This thread is exactly why I hang around the vortex. Something so complex is overlooked for a long period of time until somebody starts to ask the right questions. Here we have a diverter valve thread which everyone thought was a dead subject and now a great technical discussion is born!

:thumbup:


----------



## babarber (Nov 3, 2008)

i think something about xmas time is getting people excited cuz until lately vortex was kinda slow for good info


----------



## Twopnt016v (Jul 5, 2009)

The_RoadWarrior said:


> Yes, you are getting it right! Originally the Bosh valves were designed and mounted in push orientation like they should (at least with Audi). After they started getting complaints and problems, they issued a technical service bulletin that asked for the valve to be reversed at service because of "Honking noise".
> 
> Your R1 valve is designed to be mounted in push orientation so you have both vacuum and excess pressure operating the valve. Certain valves are designed to work in both orientations and still retain full functionality but the R1 is not one of them.
> 
> The way you rock it, if you have a vacuum leak that is substantial enough or loose your vacuum signal to the valve for some reason, nothing is protecting your turbo. Part throttle is much better in push style anyway because sometime the TB is not fully closed and the manifold is not seeing vacuum yet; However the pressure outside the TB plate is dangerously high because of the load (going uphill for example) and is in need of bypass to prevent back pressure. These situations are controlled with the push orientation because although there is no vacuum signal, the excessive pressure is bypassed because the spring holding capacity is exceeded.

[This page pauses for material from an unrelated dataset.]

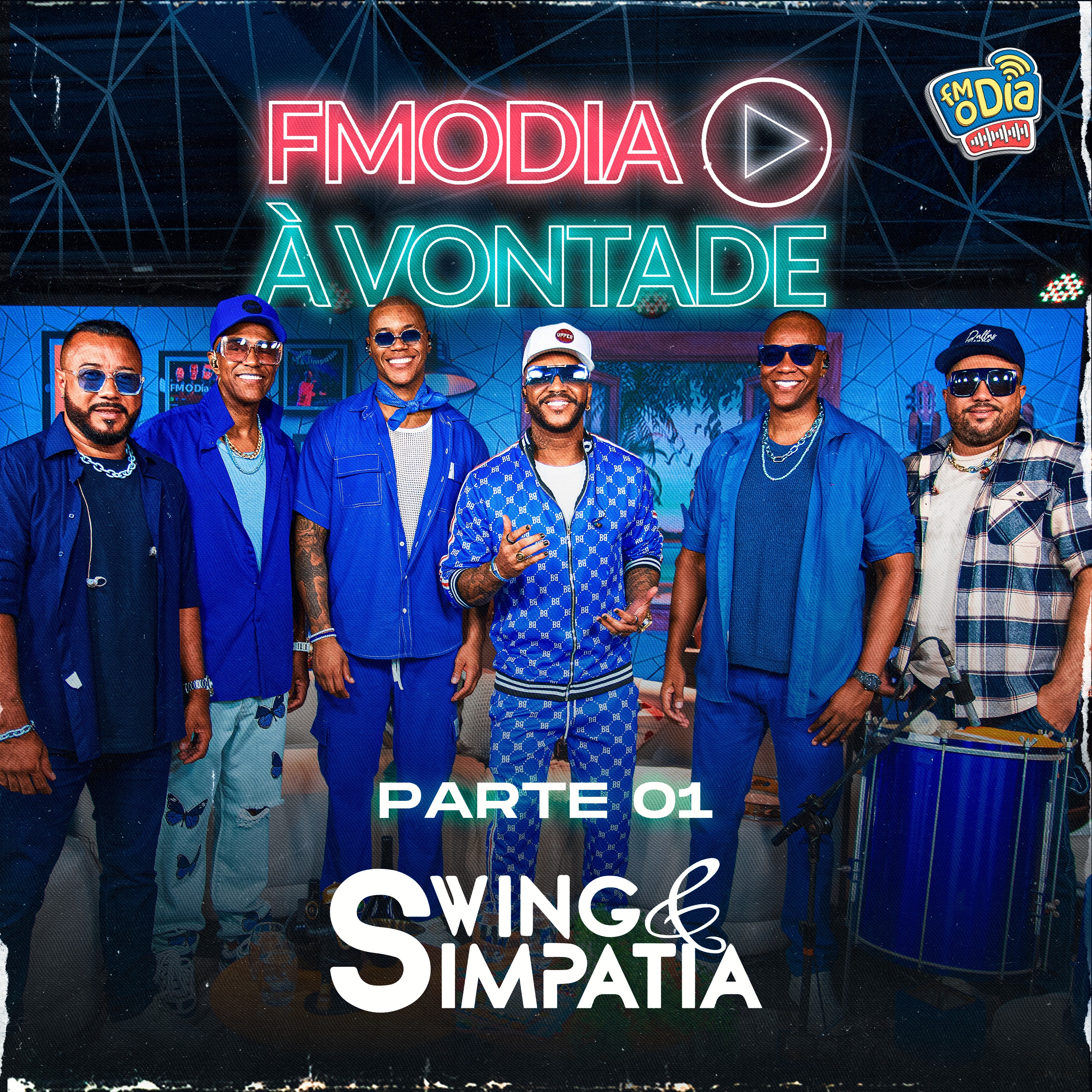 FM O Dia À Vontade: Swing & Simpatia (Parte 1)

Thanks for verifying that Max. That was exactly what I understood when I read your thread about Dv's. I was planning on swapping mine around but I figured it would just leak off too much boost. I hold 23psi to redline and wasn't sure if the R1 would do work orientated that way. I'm going to swap it around before I head to the shop this morning:thumbup: As soon as the holiday dust settles I am getting the gangster madmax dv anyway:laugh::thumbup::beer:

update...swapped the dv around and I must say that part throttle is noticeably better:thumbup: The car would still cruise along and hold 24-25psi but I'm sure the turbo is working extra hard to fulfill boost but at least there wasn't noticeable drops in boost like I imagined. Can't wait to fee the quick recovery time of the MM dv!!


----------



## tdogg74 (Mar 1, 2002)

Wait wait wait.....So you're saying I can flip my TT225 dv over and run it backwards and it will take care of that annoying honking noise it makes at 7" of vacuum??


----------



## Big_Tom (Aug 19, 2007)

911_fan said:


> Wait wait wait.....So you're saying I can flip my TT225 dv over and run it backwards and it will take care of that annoying honking noise it makes at 7" of vacuum??


LOL, probably


----------



## The_RoadWarrior (Nov 21, 2011)

Twopnt016v said:


> Thanks for verifying that Max. That was exactly what I understood when I read your thread about Dv's. I was planning on swapping mine around but I figured it would just leak off too much boost. I hold 23psi to redline and wasn't sure if the R1 would do work orientated that way. I'm going to swap it around before I head to the shop this morning:thumbup: As soon as the holiday dust settles I am getting the gangster madmax dv anyway:laugh::thumbup::beer:
> 
> update...swapped the dv around and I must say that part throttle is noticeably better:thumbup: The car would still cruise along and hold 24-25psi but I'm sure the turbo is working extra hard to fulfill boost but at least there wasn't noticeable drops in boost like I imagined. Can't wait to fee the quick recovery time of the MM dv!!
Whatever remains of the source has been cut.